◆ What the task requires
Nothing but a verbatim copy of the data, minus the images, should be returned.

Start of Material for this exercise

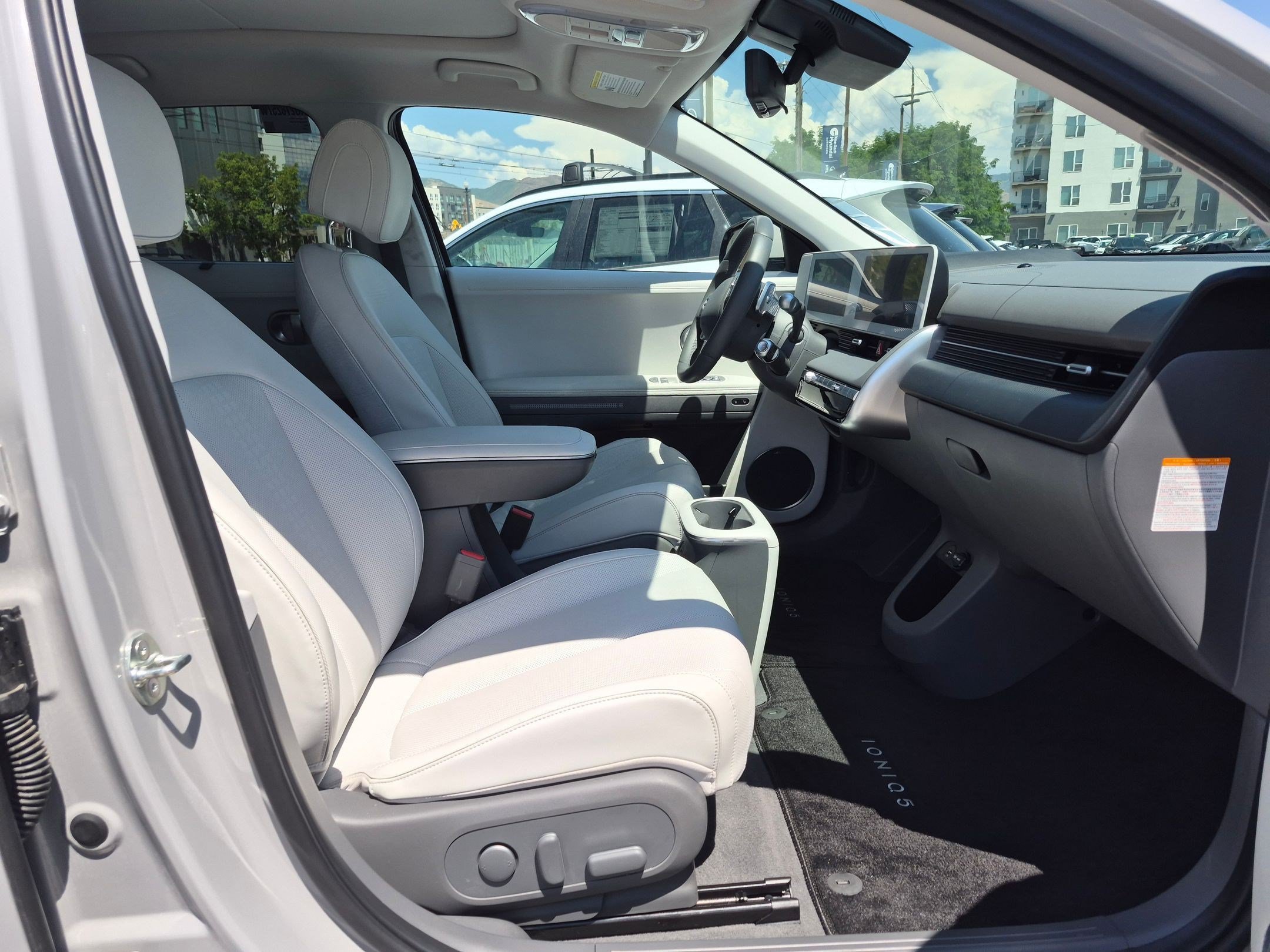 2024 Hyundai IONIQ 5 Limited - Photo 30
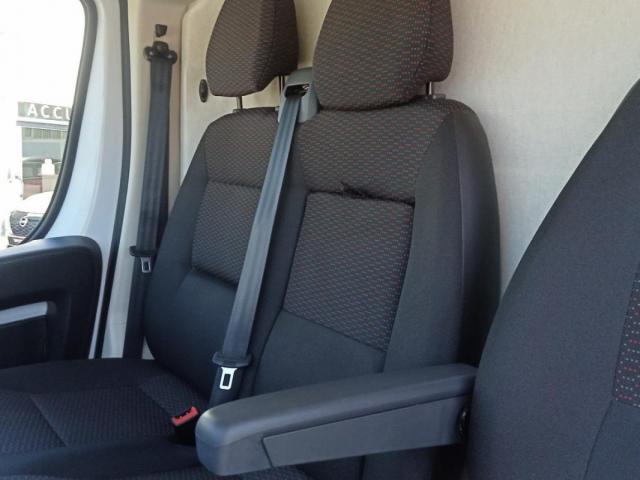 Peugeot Boxer image 3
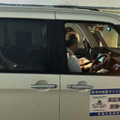 依頼があった協賛店の来店客がライドシェア車両に乗車。希望の場所まで無償で送迎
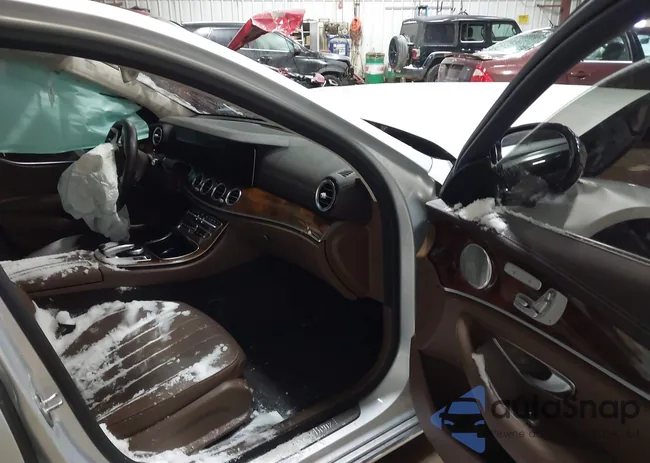 WDDZF4KB1KA582222: 44163271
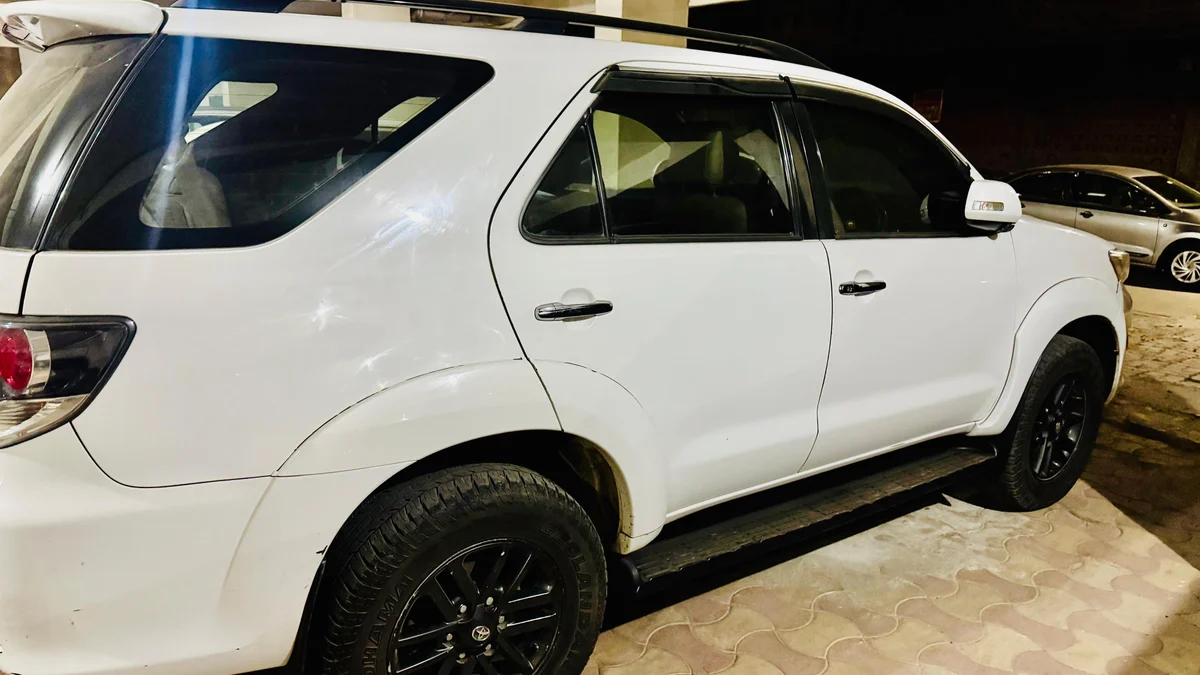 TOYOTA FORTUNER 4×2MT - 4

End of Material for this exercise

◆ Exercise answer
 2024 Hyundai IONIQ 5 Limited - Photo 30
 Peugeot Boxer image 3
 依頼があった協賛店の来店客がライドシェア車両に乗車。希望の場所まで無償で送迎
 WDDZF4KB1KA582222: 44163271
 TOYOTA FORTUNER 4×2MT - 4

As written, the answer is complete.